Impressions from H2H, Head on Competition and its Demerits to the Evaluator, Dew Drops, Ravichander Rao

A H2H or the head-to-head is a jargon that we use to indicate that there is a direct competition with the competitor(s). Often this is a hectic activity which is preceded by a lot of prognosis and followed up by post-mortem. Simply because, the future sales depend on this one activity. Most of the times H2H goes on for months, before the customer who is evaluating the product officially declares the findings. So it is not hard imagine the nature of work during such times.

Aside of these, what my impression is about the H2H? To me this appears to be a necessary evil but not everything. Necessary because this shows direct comparison and differentiation with respect to your competitor, and not everything because the purchase decisions are never made just made on the final results. This is akin to saying Ferrari is the best car but we do not see thousands of Ferraris on the road on a daily basis - the general preference car in the US is a Corolla or a Civic or a Ford Focus, and in India this is a Maruti or Santro! This is more so true because every year the bar is raised to such a level that making the next step jump is getting very difficult and sustaining this jump year after year and months after months is getting even more difficult.

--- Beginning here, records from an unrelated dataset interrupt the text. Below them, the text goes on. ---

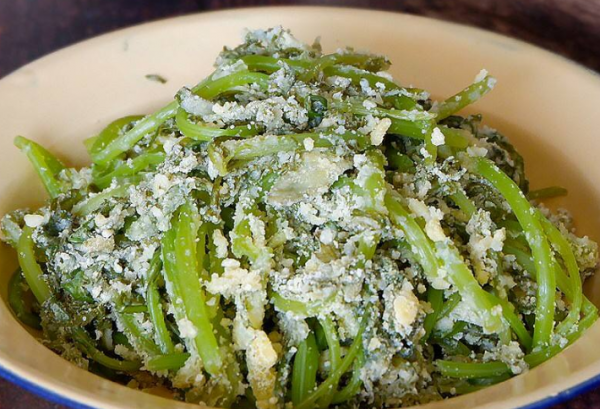 春天蒸野菜，別隻會放麵粉，多放2樣，顏色翠綠，鬆散不粘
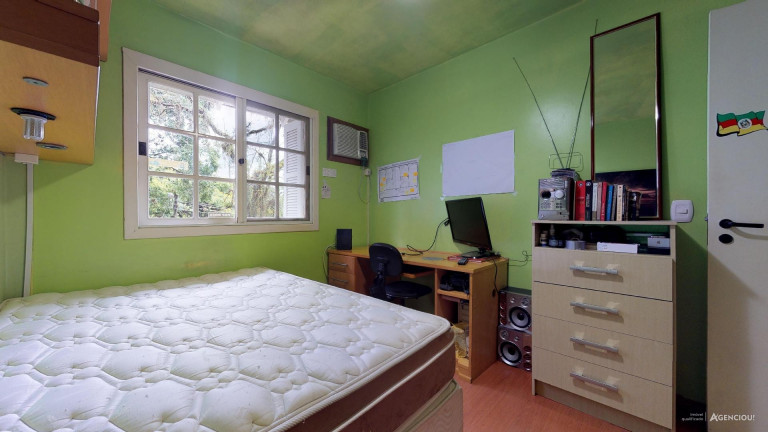 Imagem Sobrado com 3 Quartos à Venda, 221 m² em Tristeza - Porto Alegre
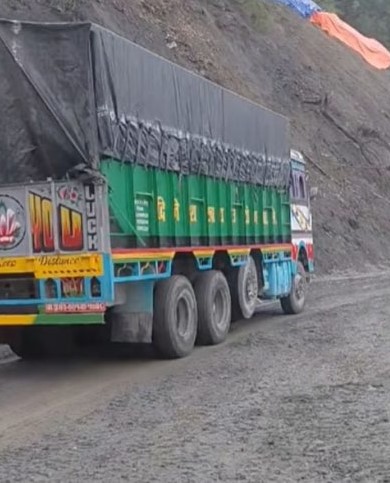 पृथ्वी राजमार्ग एकतर्फी सञ्चालन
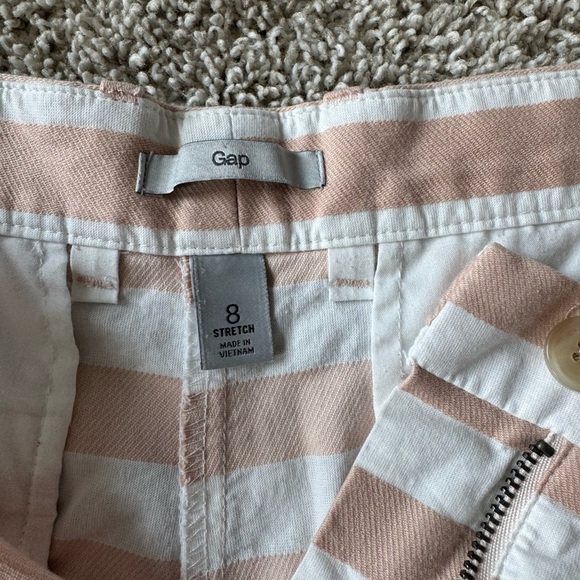 GAP Striped Shorts Cream & White Shorts Tailored Look 3inch inseam – Size 8 - Picture 4 of 8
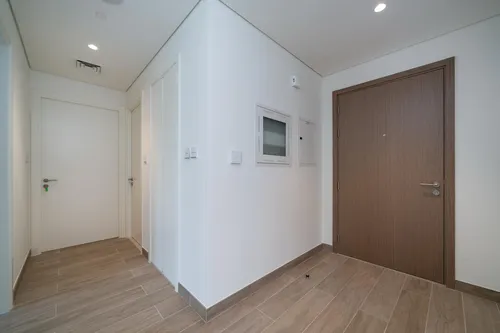 2 Bedrooms Apartment in Lotus Building 2, Lotus at Creek Beach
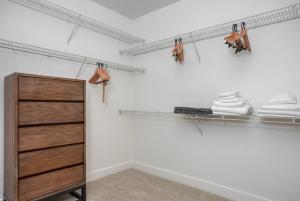 Blueground Playa Vista balcony nr Ballona Wetlands LAX-1077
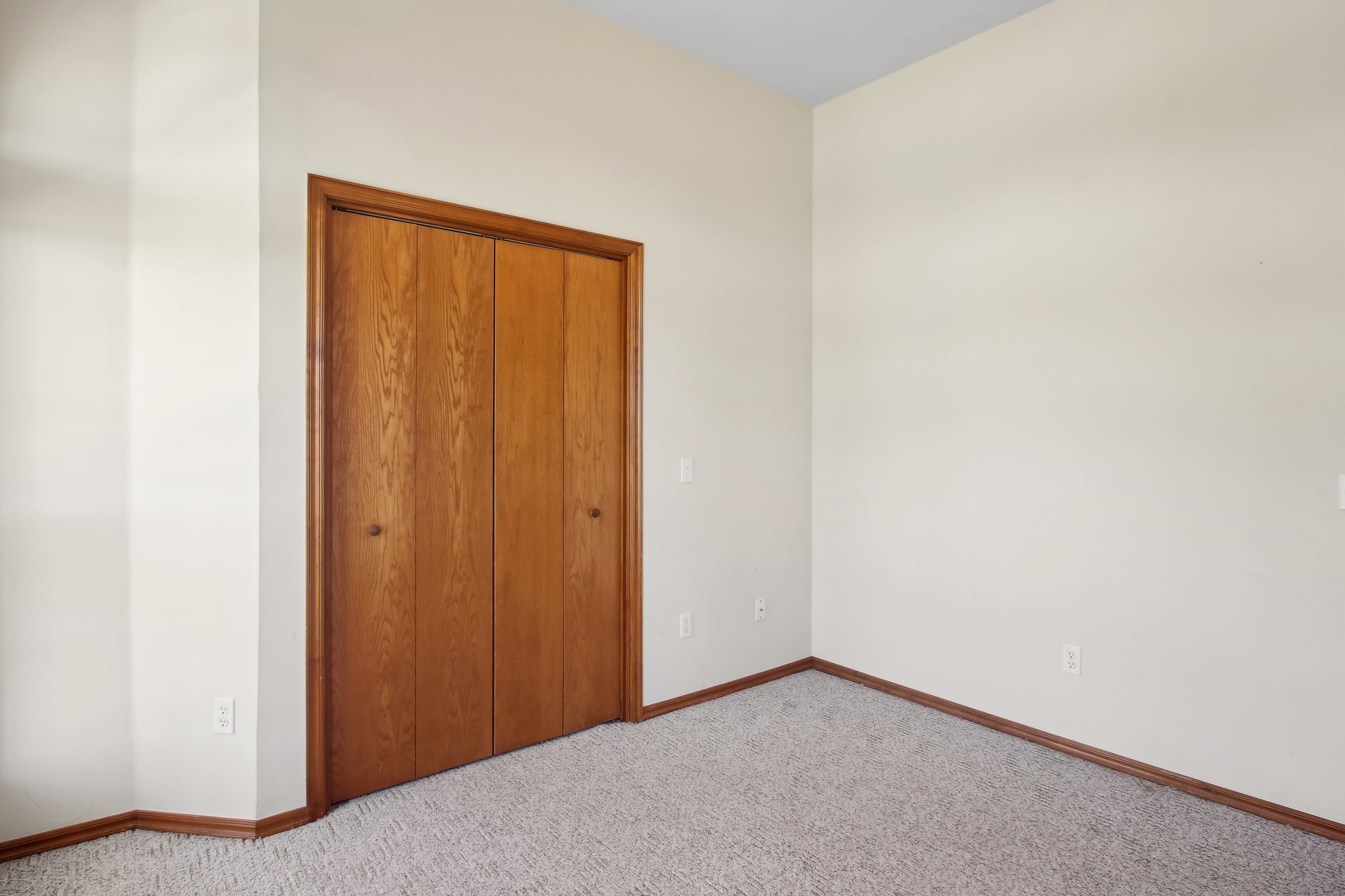 Stout Dr NW-2105-034.jpg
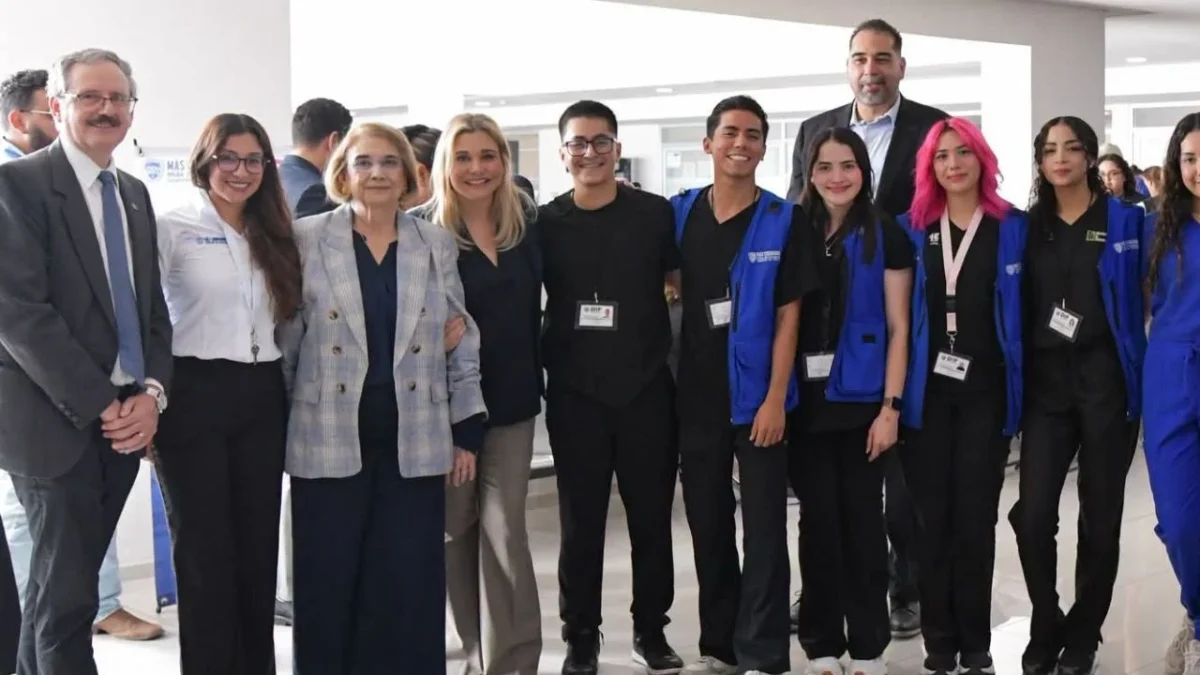 La gobernadora Maru Campos entregó procesadores de implantes cocleares a niños y adultos.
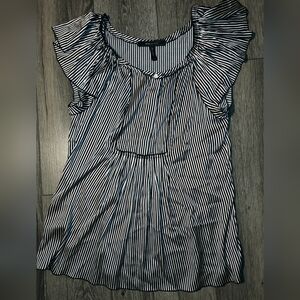 BCBGMaxAzria‎ 95% Silk Striped Scoop Neck Short Flare Sleeves Top Blouse Sz XS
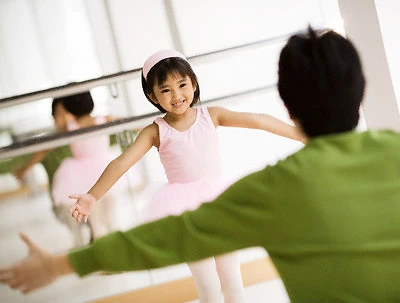 Vì sao chúng ta thương ba mẹ? ảnh 1 111wwwwbo con.jpg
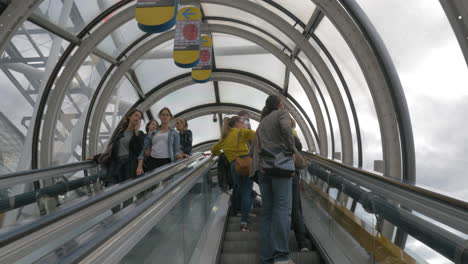 Menschen,-Die-Rolltreppen-In-Einer-Glasröhre-Fahren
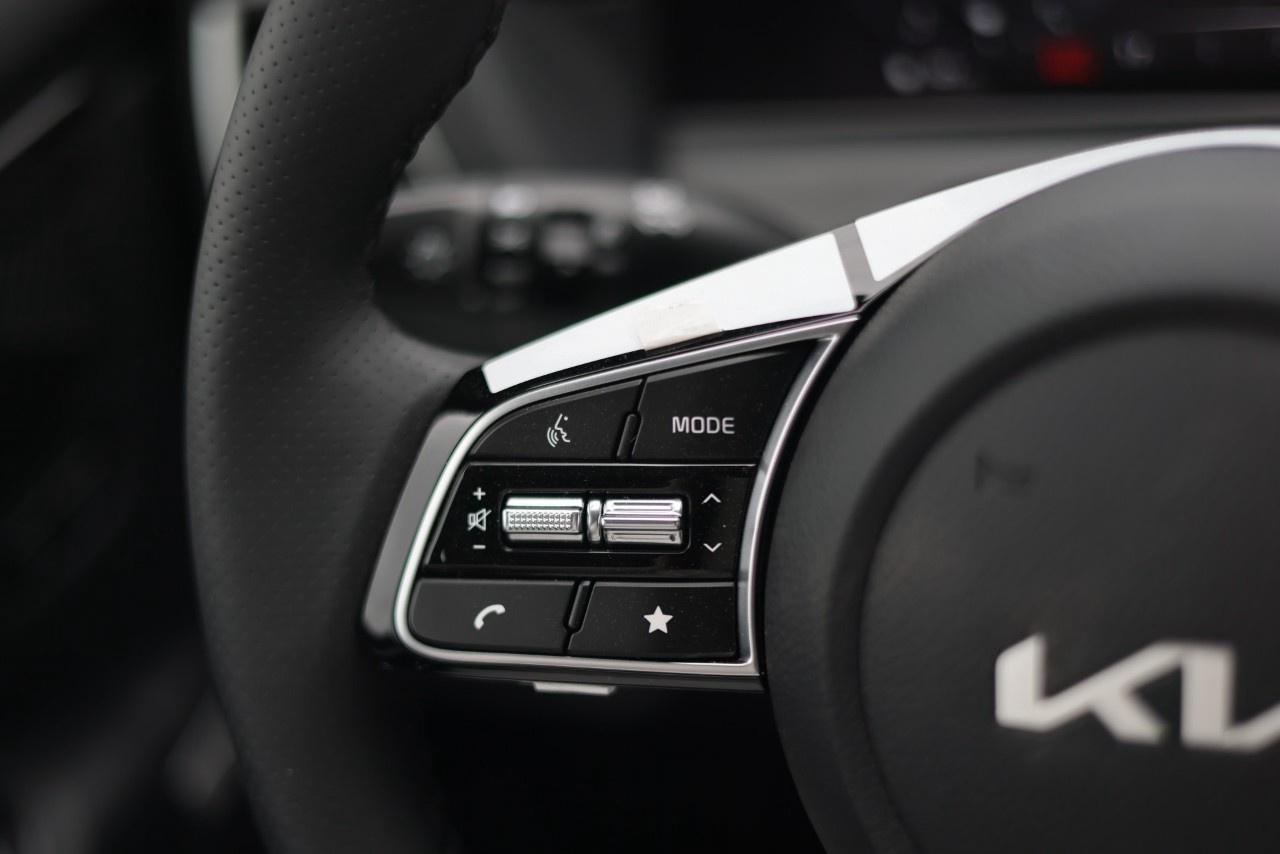 2026 Kia Seltos SX AWD w/Black Interior Photo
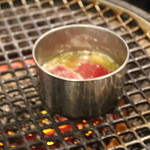 焼肉屋かねちゃん - バターのお風呂にレバー投入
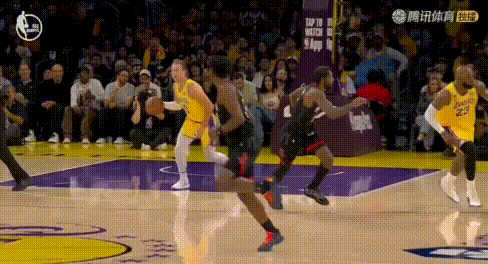 小贾：这是碰瓷战术？
这球明明是詹姆斯往小贾身前跑，小贾怕他受伤把詹姆斯抱住，结
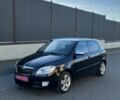Черный Шкода Фабия, объемом двигателя 1.4 л и пробегом 226 тыс. км за 6100 $, фото 1 на Automoto.ua
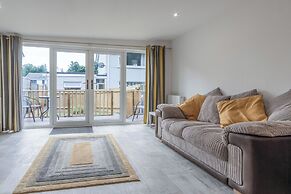 The Garden Lodge - 1 Bedroom Lodge - Tenby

To illustrate this more, let us consider two arms manufacturing companies fighting for a market share - a common man. To the common man the company sells the idea that theirs is the best product with the best accuracy and light weight and any other unique or usual selling points. Now the common man being smart puts up a target with a bulls-eye and asks for a demonstration at the same time by the competitors. The two, more or less perform the same in their ability to hit the target, and the results are declared. The next year again, the two competitors meet with the their next version of the product. Since the customer already knows how good the accuracy and precision of the earlier version as he expects the this to be even better... So the next time he draws a smaller bulls-eye and makes the target even harder to achieve. With each year the target getting smaller and smaller to point that it is becoming a infinitesimal small dot, does it make any sense to showcase the product based on its accuracy alone? To a common man, a gun or a air-pistol could be a piece of decoration in his living room, a collector's passion, a theft deterrent protection system, and many more such reasons. Why should one fall trap to the accuracy and precision agenda? I chose arms manufacturing companies because they are far a distance from what I do, but are a close visualization to the realities of a H2H.

Let us consider another example, of an automotive industry in India and the US. Perhaps no other industry is under more pressure than this to sustain itself. Year after year if one needs to drive the sales of millions of car, how long can this be sustained, specially when the roads are not expanding at the same pace? Having more cars is creating more traffic congestion and giving less pleasure to ride. In the US terms, Ford, Toyota, Honda and GM are in a perpetual competition to gain the market share, and these days the hybrid model has become their USP. But Toyota and Honda have already these models, and Ford and GM have already / might come up with these soon, so again they are in the never ending H2H! In the Indian context, the USP is to sell low priced small car. Maruti first came up with a small car and later Fiat, Hyundai and Tata everyone launched theirs, and fighting for a market share. The fuel costs are also a driver here too... With Tata coming up with a Rs. 1 lakh car version, others might be a bitter spot in the future. But it is not going to be long for others to come up with their low cost versions... So the car manufacturing companies will again fight on the basis of fuel and selling price. A common man doesn't need a car if there are better transport systems. Probably he might even own one but minimize its use if there are better transport systems. His reason for a car many other than the low cost or fuel efficiency. At least in case of Tata the driver for the low cost car are status symbol that a car can bring in. So if any car manufacturing company decides to
remodel its car into a smaller versions of buses, and run many such buses providing efficient means of transportation, then they do not have to worry about H2H. Being an internal consumer of its own product, their profitability increases by better forecasting. What if they also decide to remodel themselves to provide pickup and drop-off facilities to office goers and the school goers? Now the pie is no longer selling a car but it is much bigger as they can provide solutions...

So probably there is a point where having a H2H is no longer sustainable or real differentiator, and that is perhaps the point when we should expect to see the industry remodel itself into a totally different way.